They are the most amazing dancers I have seen in my life . . . ever.


—Mikhail Baryshnikov,
on the Nicholas Brothers


In the film Hook, one of the Lost Boys is sadly unable to recognize the now grown-up Peter Pan until, gently pulling and stretching the face of the adult, the face of the youngster finally emerges. “Ah, there you are!” he says, grinning. With Harold Nicholas, it was always the dancing that stripped away the years. Like many others in Los Angeles who first saw him perform live in 1982 in Sophisticated Ladies, I saw a 61-year-old man strut out onto the Shubert Theater stage. He had taken over the part from Gregory Hines, 22 years his junior, but the moment he began to dance, he was magically transformed. There was the 14-year-old Harold’s impish grin from Black Network (1936), and the slightly sexy swagger of the 18-year-old Harold of Down Argentine Way (1940). Murmurs of recognition floated up from the audience when he slid flawlessly into his signature split and bounced back up a beat later, almost as smoothly as he had done so many years earlier.

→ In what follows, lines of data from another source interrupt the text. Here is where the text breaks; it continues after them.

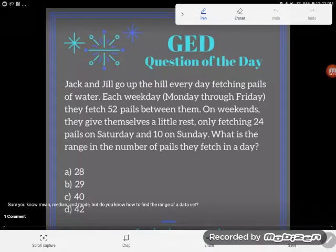Hey GED students, it's GED question of the day, and it looks like we're facing everybody's worst enemy — the word problem. Let's check it out.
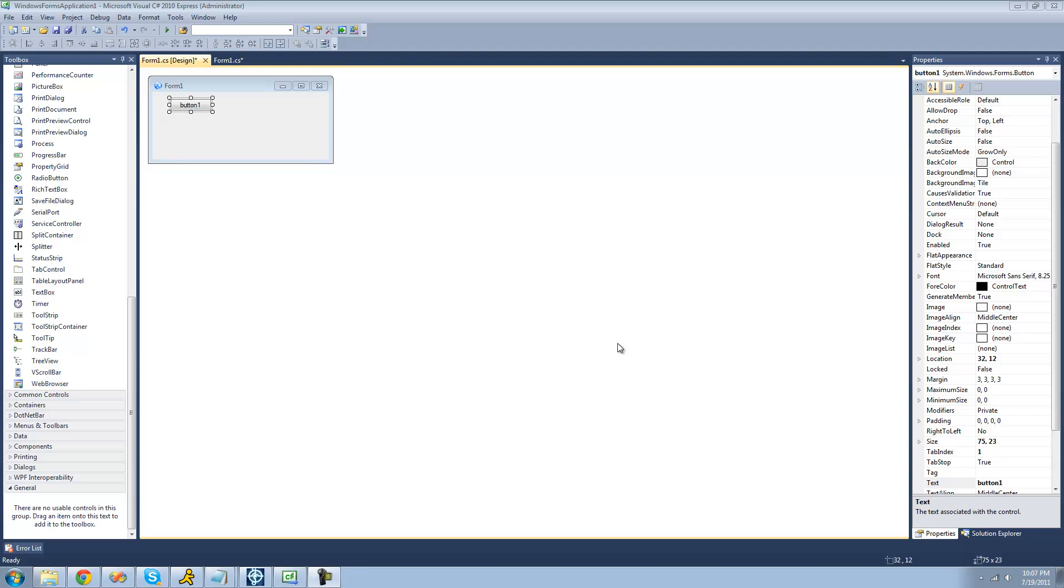Hey guys, welcome to the 108th C-sharp tutorial that I'm making for the new Boston. In this tutorial, I'm going to be showing you how to use the track bar control and the numeric up-down control.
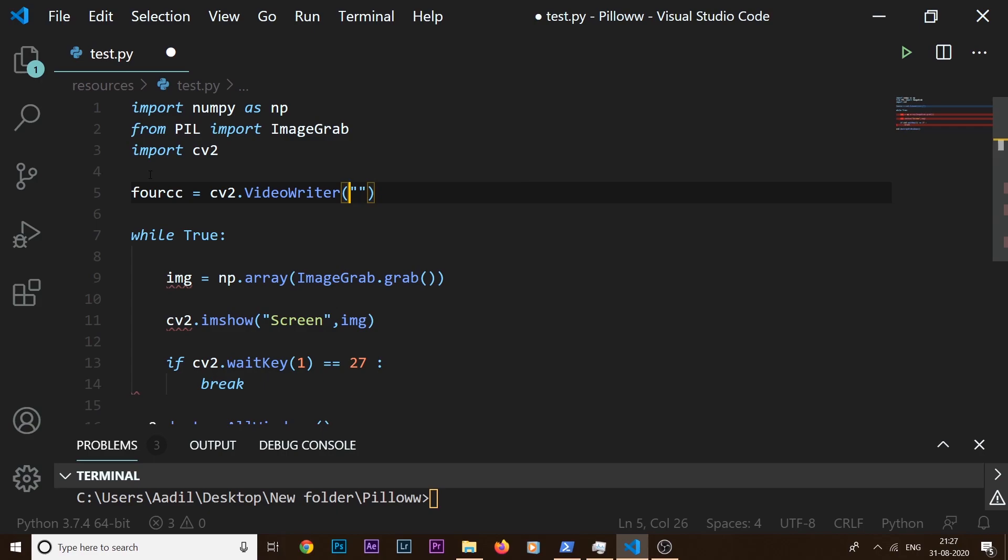Then I can say x264. So this is the codec that mp4 uses and we need to define it inside this FourCC. So now we need to define one more thing which is the size of our video.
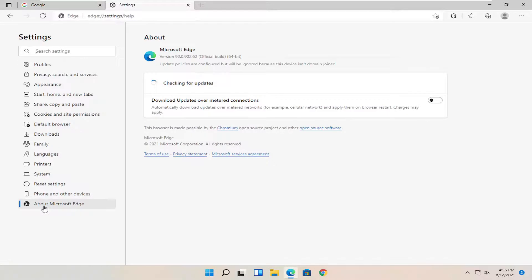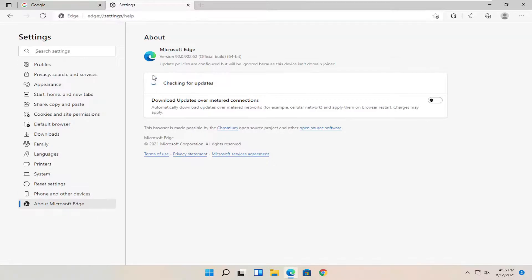Select About Microsoft Edge on the left side, and then it should begin checking for updates over here on the right. If not, you might have to manually initiate the process.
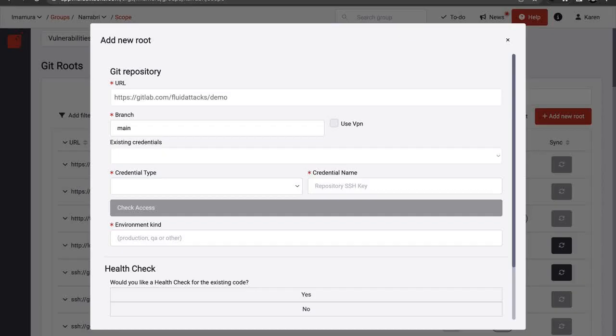Start by entering a valid URL of the repository and the name of the branch you need to analyze. Remember we only test systems that are stored on git. Mark the Use VPN checkbox if access to the repository is through a VPN.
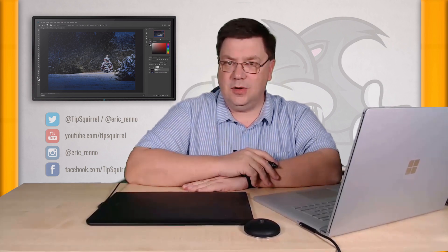I'm Eric Rennow. Thank you very much for joining me here for this video. Don't forget to check out everything else that I've got on YouTube and at tipsquirrel.com. And I'll see you next time. Bye bye for now.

Nicholas was scheduled to make several appearances in Los Angeles last week, with his older brother Fayard, ending with a Jazz Tap Ensemble tribute in their honor at the John Anson Ford Ampitheater. But illness prevented his traveling from New York, where he died on July 3 at 79, closing an astonishing career that spanned seven decades.


Like any great dancer, movement is his legacy, and though he could have gone further had more doors been open to black entertainers of his era, Nicholas still leaves behind a unique talent preserved on film. “I’m so glad that’s all on film,” Fayard tells audiences now. “You’ll never see us do that again!”


Without fail audiences audibly sighed after watching a Nicholas Brothers routine. The two brothers — who spun, flipped, slid into splits, catapulted down massive staircases, ran up walls, tapped and sang — exuded such ease and precision that just watching them brought on a contagious joy. Those flawlessly performed feats were inspired by choreographer Nick Castle, who worked with them in most of their films at 20th Century Fox in the ’40s.


“Nick made us aware that we could do dangerous things,” Harold once told a television interviewer. Their most famous routine — in the film Stormy Weather — featured the brothers bounding up and down a huge, steep staircase, ending in successive leaps down over each other’s backs. You have to see it to believe it — and even then it’s unbelievable.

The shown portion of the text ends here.